According to the NSW Births, Deaths and Marriages CD-ROM, his father was also called Albert J Kayrooz and his mother was Jamillie. He married Louise Scunda at Redfern in 1915. Louise Scunda’s birth is not recorded, so presumably she also was born in Lebanon.
Kayrooz’s death was recorded as being at Chatswood (perhaps the location of the nursing home), however, Sands Directories show a Mr A J Kayrooz living at 83 Darley Road Randwick at the time of his death. A press report said of him:
“Mr Kayrooz gave up his business in 1926 to dedicate his life to the well-being of his compatriots, who had full confidence in him. Many of them could not read or write, yet they entrusted their life’s savings to him with full power. He had advised his countrymen shrewdly and well, and without any benefit to himself”. (Sydney Morning Herald, 23 March, 1934). He was survived by his wife, son and daughter.
If Alam and Kayrooz are included in forthcoming volumes of the ADB, then they will join other Lebanese we know of in this authoritative Australian biographical source:
Archimandrite Sylwanos Mansour (1854-1929) was appointed as the first Melkite parish priest in Australia by the Patriarch Gregory Joseph in 1891. He set up a temporary church in Redfern and ministered to any member of the Syrian Melkite, Marionite or Orthodox communities who needed his pastoral care before the other denominations acquired their own pastors. He travelled throughout New South Wales to visit his scattered flock and by 1895 had raised enough money to witness Cardinal Moran consecrate St Michael’s Church in Wellington Street Waterloo. He died in Brisbane on 18 November 1929, while on a visit to witness the consecration of a second Melkite Church in Australia. (Australian Dictionary of Biography, 1891-1939. Melbourne: Melbourne University Press: 1972, p. 405.)

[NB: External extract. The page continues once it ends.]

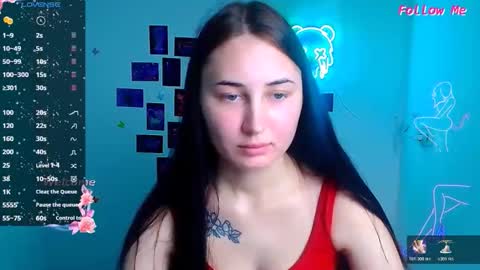 Emma online show from November 17, 2025, 12:33 pm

Richard and Joseph Arida were merchants who established a very successful wholesaling business in Charters Towers in Queensland. They were born at Bcharré, Lebanon and became known for their philanthropy.
Edward Richard Scarf (1908-1980) was born on 3 November 1908 at Quirindi, New South Wales, fourth child of Lebanese-born parents. He became a championing wrestler representing Australia at the 1932 and 1936 Olympic Games. He won a bronze medal at the 1932 Games. In business he became to successful butcher and businessman on the North Shore of Sydney.
Robert Cummin (Bob) Katter (1918-1990), businessman and politician, was born on 5 September 1918 in South Brisbane, the fourth child of Carl Robert Katter, a Lebanese draper, and his locally born wife Vivian Bridget, née Warby. He won the federal seat of Kennedy in 1966 and represented it until 1990 and at times held the post of Minister for the Army.
Hassan Ali (Harry) Monsoor (1883-1959) was born at Beit Meri, Lebanon and emigrated to South Australia in 1901. In 1920s, he and his wife established a general store at Beltana in South Australia as a base for a wide ranging hawking business in the South Australian outback. The National Motor Museum in Birdwood, South Australia has among its collections a restored hawker’s motor van operated by Harry Mansoor between 1928 and 1954. The van became the lifeline for food and supplies to the people of far northern South Australia.